To return to Richard Parker, we notice that it is the enemy throughout the story. Richard Parker carries death and murder. It is equally empowered and driven to take life. Irrespective of how man-tiger relations develop, Pi is constantly threatened by Richard Parker. This will not change throughout the story, not even after the storm, when the two are thrown at the bottom of the boat and they share a brief, semi-voluntary moment of tenderness. We made reference to the positive portrayal of the Other, which is actually equivalent to its assimilation as friend. Positive portrayal implies the denial of the dual character of any relation and, ultimately, of any human reality. However, a dissipation of the dual register would also occur whenever the Other is fully equated as a negative element. Richard Parker is not the nihilistic enemy/foe type. There is a positive thread which goes across the conflicting relationship of Pi and the tiger, a thread which cannot bring back equilibrium and cannot continually adjust the relationship towards the negative pole[13].

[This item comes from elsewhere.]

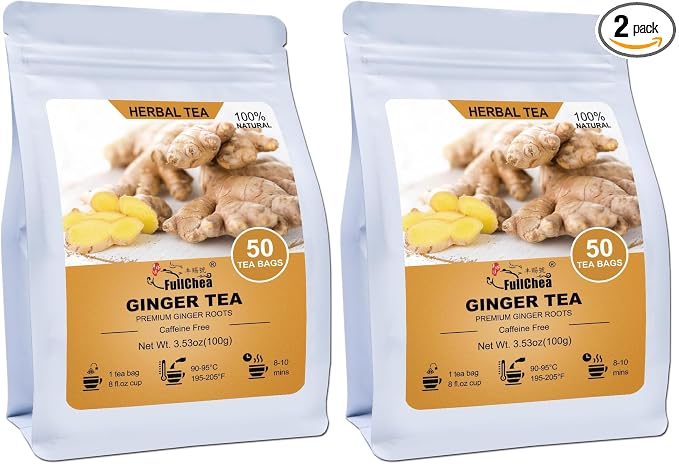 FullChea - Ginger Tea Bags, 2g*50 Teabags - Premium Ginger Root Tea Bag - Warm & Spicy - Non-GMO - Caffeine-free - Support Digestion & Boost Immunity (Pack of 2)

Pi’s relationship with the tiger develops under two contrastive signs on the boat where they manage to survive, namely through socially ontological bonding and through separation. These two means of bonding come in succession, cyclically, from the beginning of the boat experience until the tiger reaches Mexican shores and disappears without a trace. As a result, the bond between the tiger and Pi is partly social, partly ontological. It is social because it is contextually-driven, triggered by the overall social resettlement, from a normal situation in which the animal was locked in a Zoo or on the ship where both Pi and his parents kept a secure, comforting distance from the animals. After this normality is shattered as a result of the boat sinking, the chance cohabitation of Pi and Richard Parker allowed for, or better said led to an atypical form of man-animal social bonding, where the bonding process is not option-based, but context-based and mandatory.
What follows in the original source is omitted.